Originally Posted by
sharpjiy
dear Guys
I've question about estimating OIIP with MBE.
I already knew there is a gascap with no aquifer,
but I'v no idea OIIP, GIIP(so I need to assume m value)
So, I used gas cap drive solution but two different results make me confused.
first, when I assume m values (adjust m value ~ 0.3), OIIP was 7MMstb
(used havlena & odeh m ratio specified)
but, when I used N intercept, G slope method,
OIIP got negative value -3MMstb with OGIP 3MMscf
Can I ask the reason of two different results?
Or, any Idea to deal this problems ?
what input data should be re-checked??

Originally Posted by
Chee Koh Peh
Sharpjiy,
Under the conditions of a strong water drive or gas cap drive, it may not be possible to use the MBE method. In such situations, a small pressure decline takes on a magnitude comparable to the error in pressure measurements, thus bringing too high an uncertainty into the calculations.
Did you attempt a pressure match, to confirm the validity of your model?
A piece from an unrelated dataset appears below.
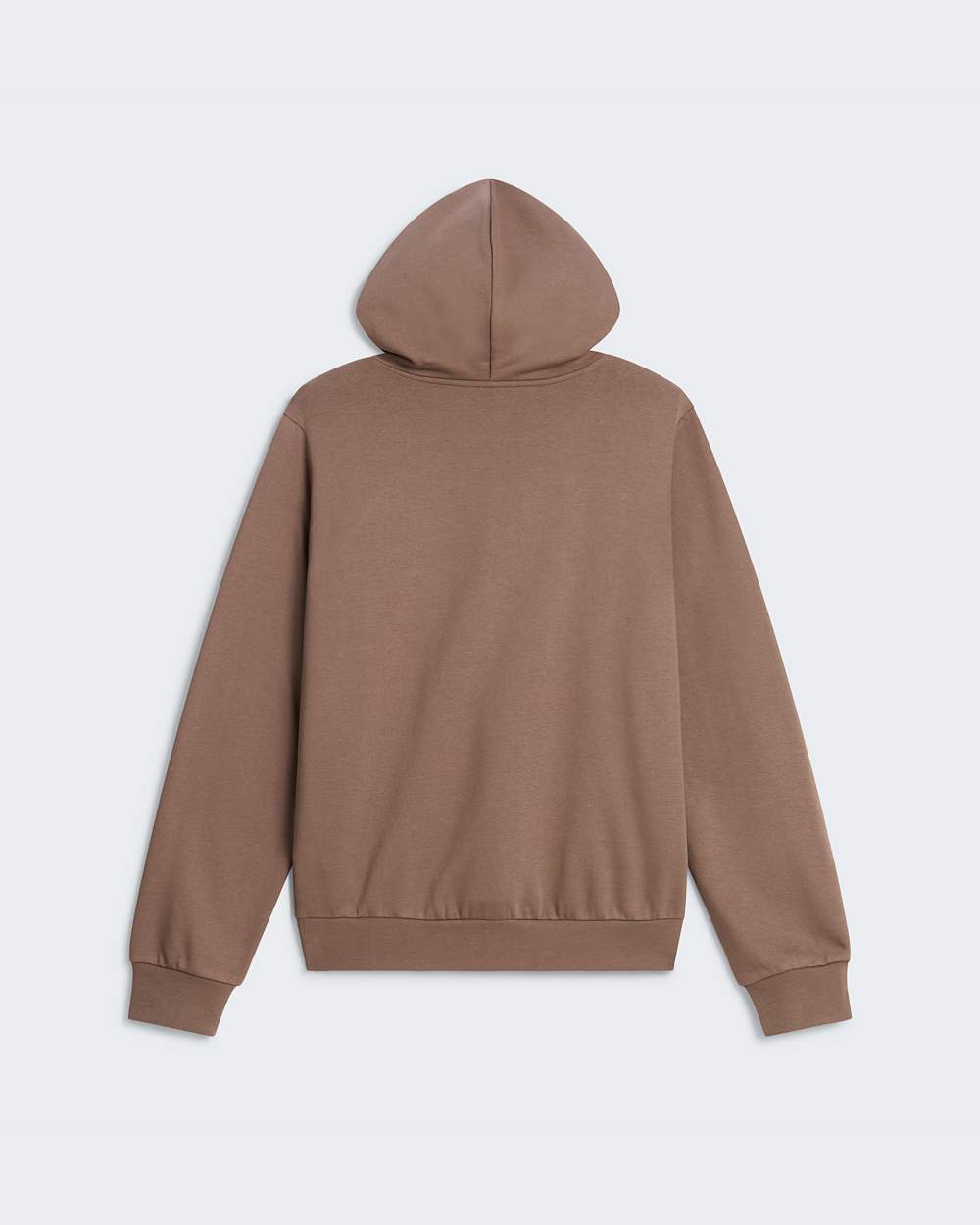 Herren Sunrise Escape Regular Graphic Hoodie TNF alt1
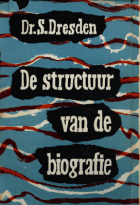 De structuur van de biografie, S. Dresden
This is the first thing you should do
Negative OOIP means you may have placed to much emphasis on your early time data and most likely do not have a slope of 1 in your Havlena Odeh plot
See Craft and Hawkins "Applied Petroleum Engineering" Chapter 6
Rgrds
Chee Koh Peh

Originally Posted by
sharpjiy
dear Chee Hoh Peh
I really appeciate your help regarding my question.
I'll check my pressure data with your comment & reference book.
I've another question calculating averaged reservoir pressure in multi-wells reservoir(All wells have a communication each other.)
I heard about the method, volume averaged pressure,
but each well production start time is different, so cumulative productions were also different.
Would you recommend me any reference books or ducuments for calculating averaged reservoir pressure, once more??
regards,
sharpjiy

Originally Posted by
Chee Koh Peh
Dear Sharpjiy,
See Dake - "The Practice of Reservoir Engineering", he has excellent worked examples and discusses in depth how to average reservoir pressure.
Your reservoir pressure is an average of well SIBHP, usually obtained by PTA.
Do not worry about well timing, what you need is average reservoir pressure and total fluids (gas/oil/water) produced at each average reservoir pressure point.
Rgrds
Chee Koh Peh

Originally Posted by
Shakespear

Originally Posted by
sharpjiy
Dear Chee Koh Peh
Thank you for your answer, Mr. Chee.
When I was a student, I just run how to calculate reserve with MBE, or volumetric, decline curves.
But in real works, the problem was how to set input data for reserve estimation.
Calculation itself was conducted many software or other tools.
Your comments and references would be great help for me.
thank you.
regards
sharpjiy

Originally Posted by
sharpjiy
Dear Shakespear
Thank you for your help, shakespear.
The documents you recommended were really helpful for me.
And, I was also impressed your last comment, petroleum should be used as a meterial not as a fuel.
I totally agree with you.
Regards
sharpjiy

Originally Posted by
Chee Koh Peh
Sharpjiy,
If you are using MB for reserves you should always cross check with the results from conventional decline curve analysis.
DCA is the most robust/defensible method of calculating reserves in fields with sufficient production history.
However the MB comes in very hand where the STOOIP/GIIP as calculated by volumetrics x recovery factor (RF) does not match the results from Np + DCA.
What the MB does, is it gives you an indication of the connected pore volume i.e. the actual producible oil/gas, which can vary considerably in volumetrics depending on the petrophysical cutoff used (i.e. Sw, porosity etc...)
Typically MB's value is early in the fields life where production data may not be sufficient for DCA.
Rgrds
Chee Koh Peh....

Originally Posted by
Shakespear
Chee Koh Peh, good and helpful comment. Keep it up and the younger engineers will get better.